BEGIN Records to process
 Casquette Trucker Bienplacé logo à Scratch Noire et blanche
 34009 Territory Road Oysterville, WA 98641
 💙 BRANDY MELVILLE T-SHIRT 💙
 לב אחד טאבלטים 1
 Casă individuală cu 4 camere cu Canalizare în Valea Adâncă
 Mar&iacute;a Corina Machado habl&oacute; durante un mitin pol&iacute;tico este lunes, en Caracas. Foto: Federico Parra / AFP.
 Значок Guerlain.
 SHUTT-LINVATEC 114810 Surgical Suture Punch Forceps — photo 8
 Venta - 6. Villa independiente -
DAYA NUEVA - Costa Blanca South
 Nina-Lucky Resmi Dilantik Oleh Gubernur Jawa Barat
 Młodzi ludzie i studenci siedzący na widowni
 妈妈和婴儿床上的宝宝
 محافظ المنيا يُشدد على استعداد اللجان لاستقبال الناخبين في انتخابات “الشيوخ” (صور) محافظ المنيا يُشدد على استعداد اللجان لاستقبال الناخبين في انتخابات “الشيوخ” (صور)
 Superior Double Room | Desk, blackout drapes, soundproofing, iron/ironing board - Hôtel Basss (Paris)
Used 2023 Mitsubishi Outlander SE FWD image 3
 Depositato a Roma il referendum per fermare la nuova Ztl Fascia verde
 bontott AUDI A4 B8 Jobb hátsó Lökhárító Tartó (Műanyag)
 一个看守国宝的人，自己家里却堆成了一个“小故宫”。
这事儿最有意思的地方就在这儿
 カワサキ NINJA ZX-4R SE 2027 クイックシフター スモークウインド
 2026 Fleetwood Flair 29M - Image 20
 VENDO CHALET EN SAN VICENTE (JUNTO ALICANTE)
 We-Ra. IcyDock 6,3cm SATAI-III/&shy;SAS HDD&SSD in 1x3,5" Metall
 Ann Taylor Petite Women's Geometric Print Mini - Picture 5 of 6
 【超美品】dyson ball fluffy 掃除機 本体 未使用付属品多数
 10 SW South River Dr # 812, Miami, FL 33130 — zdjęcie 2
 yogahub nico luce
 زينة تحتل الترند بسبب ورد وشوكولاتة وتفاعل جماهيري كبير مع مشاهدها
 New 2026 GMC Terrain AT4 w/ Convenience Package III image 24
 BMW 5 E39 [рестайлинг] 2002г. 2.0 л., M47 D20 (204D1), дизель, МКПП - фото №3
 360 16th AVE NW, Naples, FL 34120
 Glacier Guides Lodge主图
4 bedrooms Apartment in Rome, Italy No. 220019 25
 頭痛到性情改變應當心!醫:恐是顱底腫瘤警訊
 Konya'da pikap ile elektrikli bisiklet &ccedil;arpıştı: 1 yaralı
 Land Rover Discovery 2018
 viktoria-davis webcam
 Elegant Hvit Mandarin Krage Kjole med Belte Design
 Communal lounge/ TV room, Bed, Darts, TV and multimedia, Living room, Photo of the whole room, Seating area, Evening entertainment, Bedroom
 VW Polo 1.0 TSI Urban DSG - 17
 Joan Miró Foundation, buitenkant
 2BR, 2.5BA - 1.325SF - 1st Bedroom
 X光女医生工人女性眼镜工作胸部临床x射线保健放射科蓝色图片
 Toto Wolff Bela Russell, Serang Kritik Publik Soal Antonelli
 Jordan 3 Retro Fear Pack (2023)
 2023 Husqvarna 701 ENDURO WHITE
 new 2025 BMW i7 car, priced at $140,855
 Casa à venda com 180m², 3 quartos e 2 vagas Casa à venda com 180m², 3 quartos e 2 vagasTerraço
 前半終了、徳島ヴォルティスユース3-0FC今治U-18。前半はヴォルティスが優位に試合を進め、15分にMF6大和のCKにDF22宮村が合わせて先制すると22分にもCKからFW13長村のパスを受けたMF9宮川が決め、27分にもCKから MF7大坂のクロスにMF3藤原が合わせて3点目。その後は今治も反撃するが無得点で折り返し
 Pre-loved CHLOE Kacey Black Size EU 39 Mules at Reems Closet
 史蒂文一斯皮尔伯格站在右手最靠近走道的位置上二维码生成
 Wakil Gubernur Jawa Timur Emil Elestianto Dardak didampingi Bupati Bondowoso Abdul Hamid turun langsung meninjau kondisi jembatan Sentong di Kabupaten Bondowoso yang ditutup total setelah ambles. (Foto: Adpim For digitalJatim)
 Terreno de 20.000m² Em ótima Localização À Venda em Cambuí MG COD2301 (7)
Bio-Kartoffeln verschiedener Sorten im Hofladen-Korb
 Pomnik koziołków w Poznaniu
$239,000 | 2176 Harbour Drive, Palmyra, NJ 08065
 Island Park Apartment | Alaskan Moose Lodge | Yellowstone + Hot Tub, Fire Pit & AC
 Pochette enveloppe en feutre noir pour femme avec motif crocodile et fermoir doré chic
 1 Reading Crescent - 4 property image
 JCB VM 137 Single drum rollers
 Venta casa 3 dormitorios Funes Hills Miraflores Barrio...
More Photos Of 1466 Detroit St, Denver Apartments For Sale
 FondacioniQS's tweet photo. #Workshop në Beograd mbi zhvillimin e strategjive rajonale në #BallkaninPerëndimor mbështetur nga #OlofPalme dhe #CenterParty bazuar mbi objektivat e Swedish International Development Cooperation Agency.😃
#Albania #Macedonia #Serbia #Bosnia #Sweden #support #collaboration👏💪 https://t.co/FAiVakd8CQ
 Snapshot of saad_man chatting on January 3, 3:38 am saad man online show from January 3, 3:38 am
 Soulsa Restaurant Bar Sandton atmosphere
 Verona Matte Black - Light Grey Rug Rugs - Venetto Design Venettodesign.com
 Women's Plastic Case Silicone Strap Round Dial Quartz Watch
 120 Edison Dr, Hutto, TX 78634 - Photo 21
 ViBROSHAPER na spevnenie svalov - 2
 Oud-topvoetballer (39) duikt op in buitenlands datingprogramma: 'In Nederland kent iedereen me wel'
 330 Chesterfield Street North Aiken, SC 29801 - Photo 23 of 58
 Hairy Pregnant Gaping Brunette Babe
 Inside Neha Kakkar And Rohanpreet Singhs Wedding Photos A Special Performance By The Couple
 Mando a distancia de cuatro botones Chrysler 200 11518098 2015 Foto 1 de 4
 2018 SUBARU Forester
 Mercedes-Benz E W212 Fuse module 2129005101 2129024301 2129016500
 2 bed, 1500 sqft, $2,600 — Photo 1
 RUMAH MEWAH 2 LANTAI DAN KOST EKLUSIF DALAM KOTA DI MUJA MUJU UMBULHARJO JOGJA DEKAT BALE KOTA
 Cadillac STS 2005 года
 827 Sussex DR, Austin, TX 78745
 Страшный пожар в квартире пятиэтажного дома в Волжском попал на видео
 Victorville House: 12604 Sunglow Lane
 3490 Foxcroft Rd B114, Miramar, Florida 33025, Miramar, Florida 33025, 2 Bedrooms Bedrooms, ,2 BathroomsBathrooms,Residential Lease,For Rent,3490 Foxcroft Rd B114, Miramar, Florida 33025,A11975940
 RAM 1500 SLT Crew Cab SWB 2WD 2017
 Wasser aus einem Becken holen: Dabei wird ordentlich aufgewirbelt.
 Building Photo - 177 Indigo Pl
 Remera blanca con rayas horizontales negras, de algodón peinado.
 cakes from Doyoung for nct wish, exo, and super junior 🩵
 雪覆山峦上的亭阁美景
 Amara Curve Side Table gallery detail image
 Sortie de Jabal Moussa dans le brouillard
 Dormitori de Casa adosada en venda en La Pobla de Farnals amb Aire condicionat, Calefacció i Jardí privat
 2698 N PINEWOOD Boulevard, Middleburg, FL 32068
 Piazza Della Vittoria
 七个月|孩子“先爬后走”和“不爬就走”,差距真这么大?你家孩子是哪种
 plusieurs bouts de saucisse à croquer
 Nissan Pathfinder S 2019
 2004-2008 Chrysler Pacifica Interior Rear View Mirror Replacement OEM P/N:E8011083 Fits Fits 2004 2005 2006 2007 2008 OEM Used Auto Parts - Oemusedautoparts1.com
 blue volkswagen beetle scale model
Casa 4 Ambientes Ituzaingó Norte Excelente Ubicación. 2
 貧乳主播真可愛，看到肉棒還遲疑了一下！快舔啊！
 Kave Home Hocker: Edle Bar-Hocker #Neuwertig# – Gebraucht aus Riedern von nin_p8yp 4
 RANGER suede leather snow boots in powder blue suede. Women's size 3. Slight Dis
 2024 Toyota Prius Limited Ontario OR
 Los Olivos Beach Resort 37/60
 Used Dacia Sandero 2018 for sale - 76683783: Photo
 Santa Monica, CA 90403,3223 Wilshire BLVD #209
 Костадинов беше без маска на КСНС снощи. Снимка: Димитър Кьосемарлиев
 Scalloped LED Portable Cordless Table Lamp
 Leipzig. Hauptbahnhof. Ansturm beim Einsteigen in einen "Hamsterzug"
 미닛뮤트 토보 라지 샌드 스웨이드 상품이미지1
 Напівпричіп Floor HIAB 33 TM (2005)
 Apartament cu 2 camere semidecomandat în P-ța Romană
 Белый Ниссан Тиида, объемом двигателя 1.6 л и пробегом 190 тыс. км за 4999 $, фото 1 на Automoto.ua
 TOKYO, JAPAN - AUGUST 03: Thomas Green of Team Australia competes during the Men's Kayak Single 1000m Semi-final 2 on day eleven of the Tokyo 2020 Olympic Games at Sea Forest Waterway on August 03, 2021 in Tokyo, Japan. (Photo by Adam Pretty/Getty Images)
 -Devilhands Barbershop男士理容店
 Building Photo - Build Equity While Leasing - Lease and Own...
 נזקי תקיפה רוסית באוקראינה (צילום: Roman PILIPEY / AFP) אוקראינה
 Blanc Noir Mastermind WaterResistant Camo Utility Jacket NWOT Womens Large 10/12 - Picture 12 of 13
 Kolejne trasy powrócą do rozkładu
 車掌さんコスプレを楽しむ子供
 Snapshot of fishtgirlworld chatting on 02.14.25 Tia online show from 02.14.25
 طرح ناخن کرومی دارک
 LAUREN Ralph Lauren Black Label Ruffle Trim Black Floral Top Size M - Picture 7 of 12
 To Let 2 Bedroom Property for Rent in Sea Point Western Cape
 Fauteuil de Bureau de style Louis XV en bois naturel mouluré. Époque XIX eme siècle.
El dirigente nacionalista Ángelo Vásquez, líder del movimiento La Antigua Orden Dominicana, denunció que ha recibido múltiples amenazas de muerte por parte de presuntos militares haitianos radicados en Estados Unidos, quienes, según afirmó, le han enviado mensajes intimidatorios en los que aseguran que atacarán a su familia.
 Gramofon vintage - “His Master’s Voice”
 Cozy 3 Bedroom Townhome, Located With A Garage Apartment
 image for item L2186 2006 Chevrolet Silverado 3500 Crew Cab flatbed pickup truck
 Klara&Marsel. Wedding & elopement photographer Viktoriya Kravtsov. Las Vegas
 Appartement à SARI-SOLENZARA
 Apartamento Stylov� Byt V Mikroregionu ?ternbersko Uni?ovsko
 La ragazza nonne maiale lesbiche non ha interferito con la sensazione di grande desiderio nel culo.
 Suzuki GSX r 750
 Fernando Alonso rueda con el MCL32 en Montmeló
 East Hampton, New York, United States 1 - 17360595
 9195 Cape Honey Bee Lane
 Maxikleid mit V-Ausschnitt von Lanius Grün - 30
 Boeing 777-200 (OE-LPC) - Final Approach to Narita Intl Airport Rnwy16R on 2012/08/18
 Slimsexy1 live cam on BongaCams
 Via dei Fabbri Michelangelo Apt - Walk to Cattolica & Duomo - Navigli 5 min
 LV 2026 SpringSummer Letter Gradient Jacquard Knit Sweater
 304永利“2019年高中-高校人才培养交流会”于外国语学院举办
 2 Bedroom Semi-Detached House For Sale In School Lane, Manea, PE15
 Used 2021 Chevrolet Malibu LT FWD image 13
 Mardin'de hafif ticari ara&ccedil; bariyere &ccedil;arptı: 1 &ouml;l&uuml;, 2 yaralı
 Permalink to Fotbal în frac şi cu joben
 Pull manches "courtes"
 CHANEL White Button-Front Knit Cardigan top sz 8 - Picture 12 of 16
END Records to process
= What to do =
For each line in the records that contains the word "Picture", make a copy.

= Response to the task =
 Ann Taylor Petite Women's Geometric Print Mini - Picture 5 of 6
 Blanc Noir Mastermind WaterResistant Camo Utility Jacket NWOT Womens Large 10/12 - Picture 12 of 13
 LAUREN Ralph Lauren Black Label Ruffle Trim Black Floral Top Size M - Picture 7 of 12
 CHANEL White Button-Front Knit Cardigan top sz 8 - Picture 12 of 16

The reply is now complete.